Thomas Russo, MD, professor and chief of infectious disease at the University at Buffalo in New York, told Health that he's "kind of lukewarm" about the findings. "They're just inactivating RNA in a lab setting as opposed to a real-life setting," he said. "But, if you're already infected, that horse has left the barn."

What he means is that once the virus is actually inside the human body, the damage is already happening by way of replicating in the upper respiratory tract (the nose, sinuses, throat, bronchial tubes, and lungs).

It's also unclear whether this could be used to prevent infection, Dr. Russo said. "The virus can get into your eyes and nasal cavity, too. Once it gets into your cells, would mouthwash really work?" he said. "That remains uncertain."

On the most basic level, Dr. Adalja cautioned about people getting too excited about this. "It's not like you can use the mouthwash, make out with someone, and the risk of contracting COVID-19 is zero," he said.

Do We Know How Mouthwash Could be Used in the Fight Against COVID-19?

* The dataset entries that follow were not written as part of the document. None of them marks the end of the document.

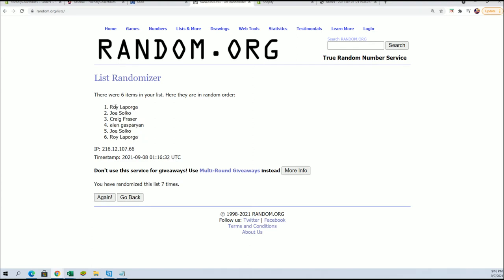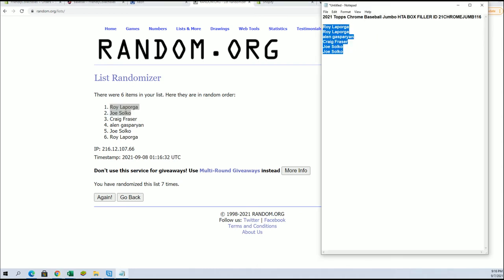All right, Roy L. and Joes, you guys are in. Very good.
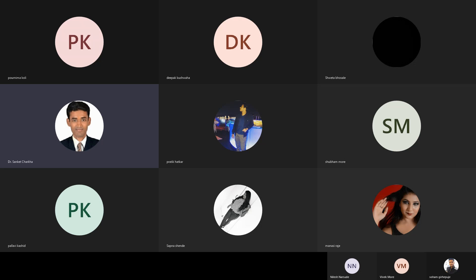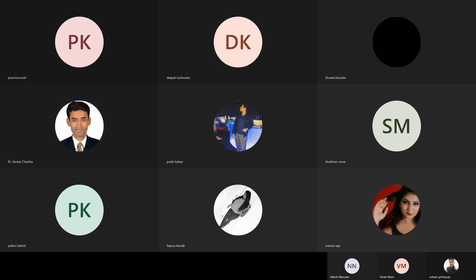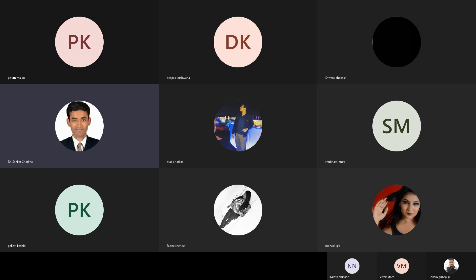Going further, we have seen the definition of contract with respect to section 2(h) and the definition given by Salmond. We have also seen the various essential elements of a valid contract wherein the following requirements are mandatory: minimum two parties, an agreement, competency of parties, legal relationship, free consent, lawful object, lawful consideration, not specifically declared void, legal formalities, and certainty and possibility of performance.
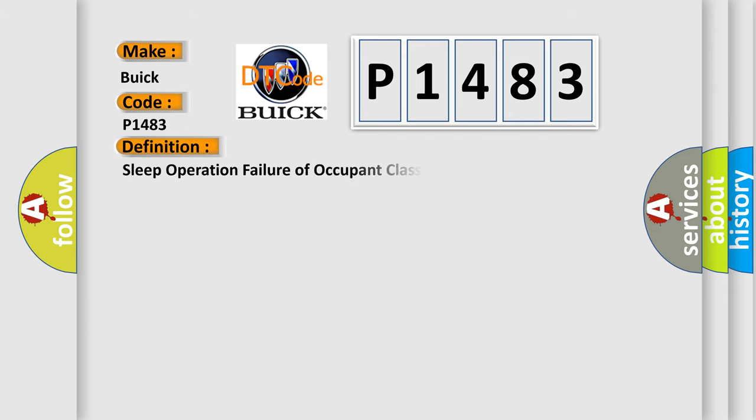The basic definition is: Sleep operation failure of occupant classification ECU.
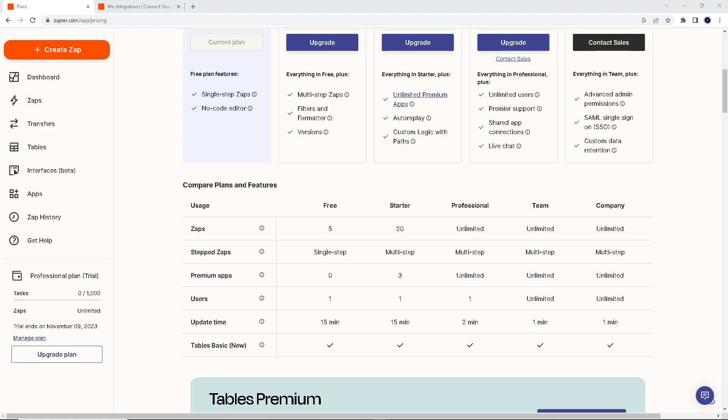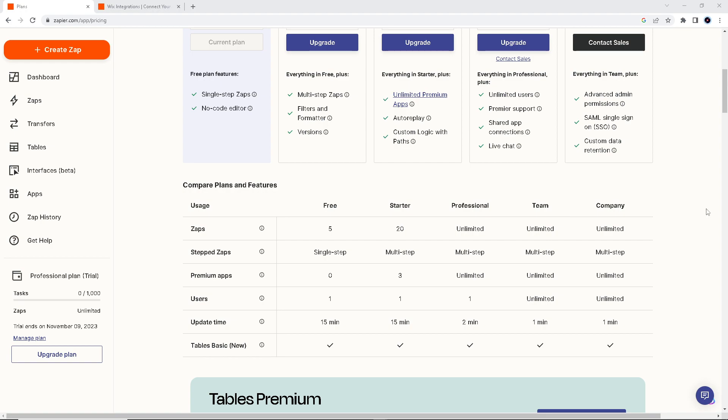Now connecting Wix to Google Sheets can save you so much time because for one, it will reduce the manual data entry, allowing you to focus on more important tasks. You can also customize the integration to fit your specific needs by selecting which data to transfer and how it should be formatted to Google Sheets.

That's where this gets especially tricky. "How would you even operationalize this? I don't know that there's a way," Dr. Adalja said. Meaning, you're probably not going to spend your entire day gargling mouthwash—and you shouldn't, he added. "It's also not clear if this would actually decrease infection," Dr. Adalja said.

But Dr. Russo said there's enough evidence to suggest mouthwash could do…something. And, he said, that it's at least worth pursuing with more research. "It would need to be studied in controlled, blinded studies to see if, say, people who regularly use mouthwash are less likely to get infected," he said. Dr. Schaffner agreed. "It probably couldn't hurt," he said.

Experts stress that you shouldn't run out and load up on mouthwash. "These [findings] are all very preliminary," Dr. Russo said.

The information in this story is accurate as of press time. However, as the situation surrounding COVID-19 continues to evolve, it's possible that some data have changed since publication. While Health is trying to keep our stories as up-to-date as possible, we also encourage readers to stay informed on news and recommendations for their own communities by using the CDC, WHO, and their local public health department as resources.